The film score and the soundtrack were composed by Srikanth Deva. The soundtrack was released on 18 September 2010 by actress Devayani.

Tracklist
| No. | Title | Lyrics | Singer(s) | Length |
|---|---|---|---|---|
| 1. | "Enna Thavam Senjiputten" | Na. Muthukumar | Bhavatharini | 5:36 |
| 2. | "Para Para" | Snehan | Karthik, Senthildass Velayutham, Surmukhi Raman, Renuka | 4:47 |
| 3. | "Idhu Oru Kadhal Vilaiyattu" | Kabilan | Vijay Yesudas | 3:19 |
| 4. | "Thedi Thedi" | Palani Bharathi | Surmukhi Raman | 4:29 |
| 5. | "Pathaigal" | Snehan | Manikka Vinayagam | 3:25 |
| 6. | "Aaravalli" | Ilaya Kamban | Velmurugan, Chinnaponnu | 5:20 |
| Total length: |  |  |  | 26:56 |

==Release==
The film was released on 18 March 2011 alongside Muthukku Muthaaga, Minsaram and Lathika.
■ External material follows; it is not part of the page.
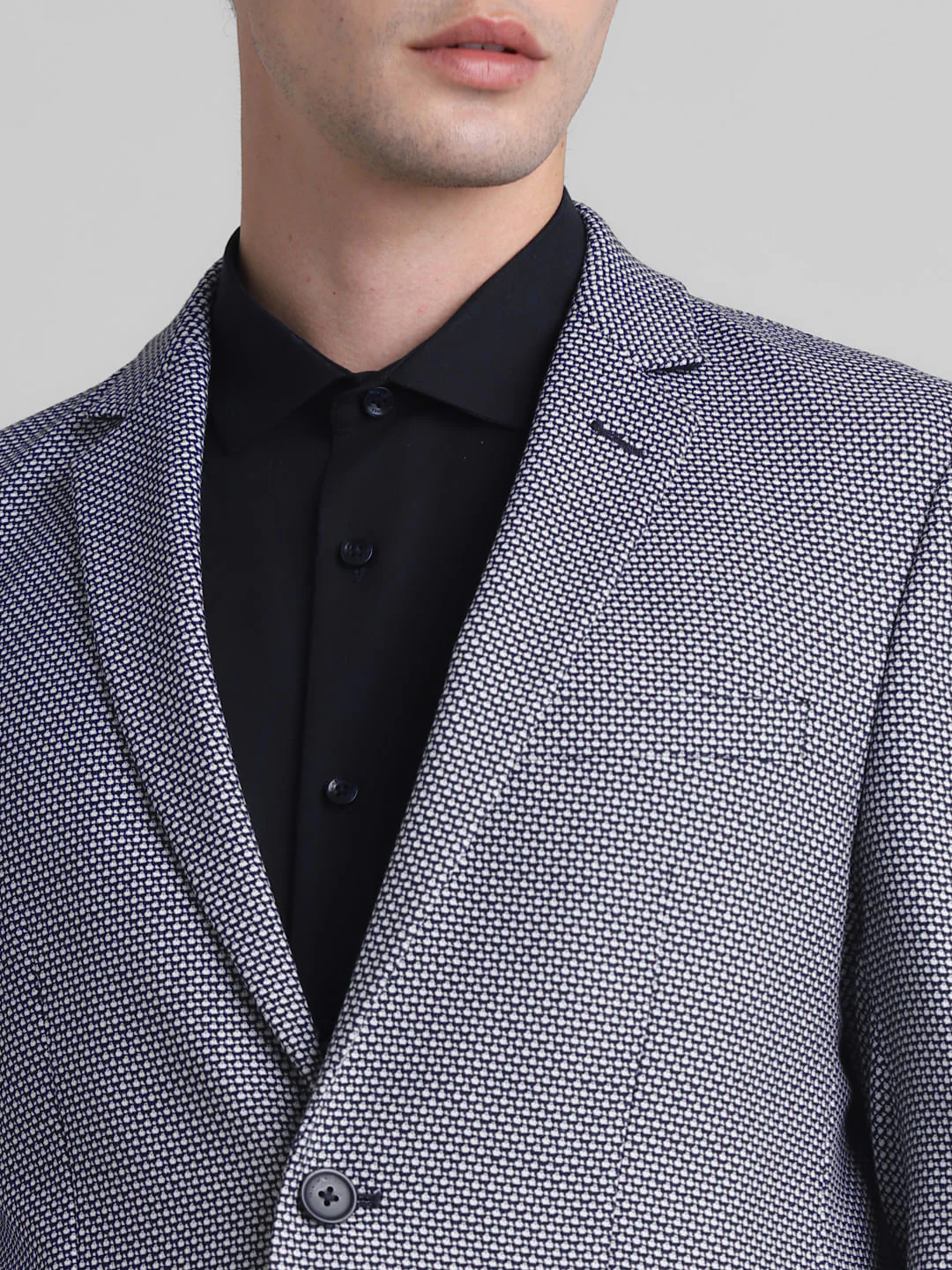 Blue Printed Dobby Blazer - Image 5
The New Indian Express wrote, "The inconsistency in the narration, the ambiguity in the scenes of Vallal and Shweta negate the impact of the positive elements [..] The performances too could have been done with more finesse and consistency" and concluded, "It is a plot with potential, had only the director made an effort to infuse some novelty in it. But inexperience comes in the way of executing his ideas on to the screen in a smooth and a convincing way". Dinamalar praised the performances of the actors, the cinematography by Agar Senguttuvan and the songs composed by Srikanth Deva. Kungumam also praised the actors and the songs.

=== Box office ===
The film did not fare well commercially.